◆ Exercise
Among the entries below, retype exactly the lines starting with the one with "Mim akter //" and going on through the one with "綺麗です♪ 浴室換気乾燥暖房機BF-861RGA", but not the pictures.

◆ Supplied data
◇ ◇ ◇

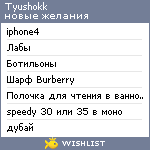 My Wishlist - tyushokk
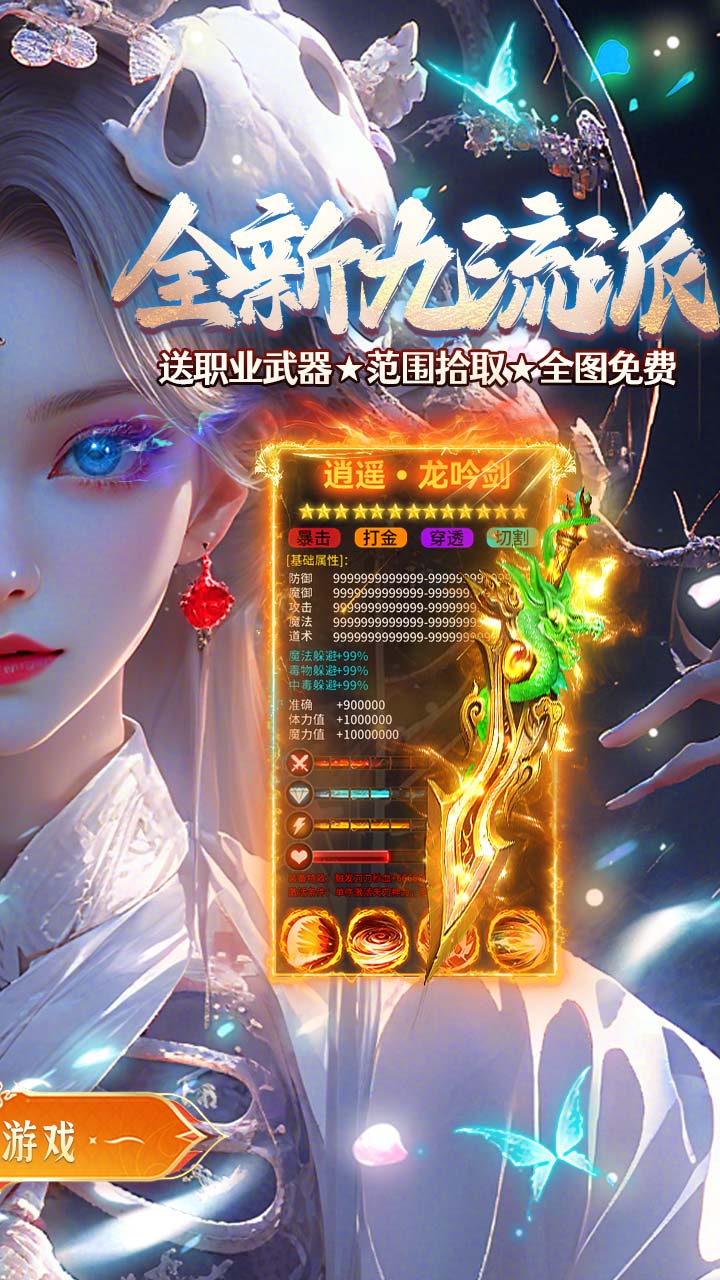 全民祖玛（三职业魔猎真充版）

◇ ◇ ◇

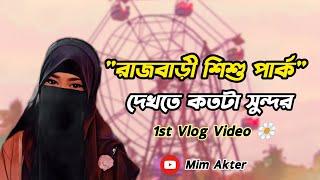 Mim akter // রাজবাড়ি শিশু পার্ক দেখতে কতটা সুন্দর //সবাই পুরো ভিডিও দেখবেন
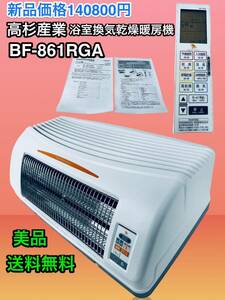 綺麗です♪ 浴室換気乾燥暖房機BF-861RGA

◇ ◇ ◇

◆ Task response
 Mim akter // রাজবাড়ি শিশু পার্ক দেখতে কতটা সুন্দর //সবাই পুরো ভিডিও দেখবেন
 綺麗です♪ 浴室換気乾燥暖房機BF-861RGA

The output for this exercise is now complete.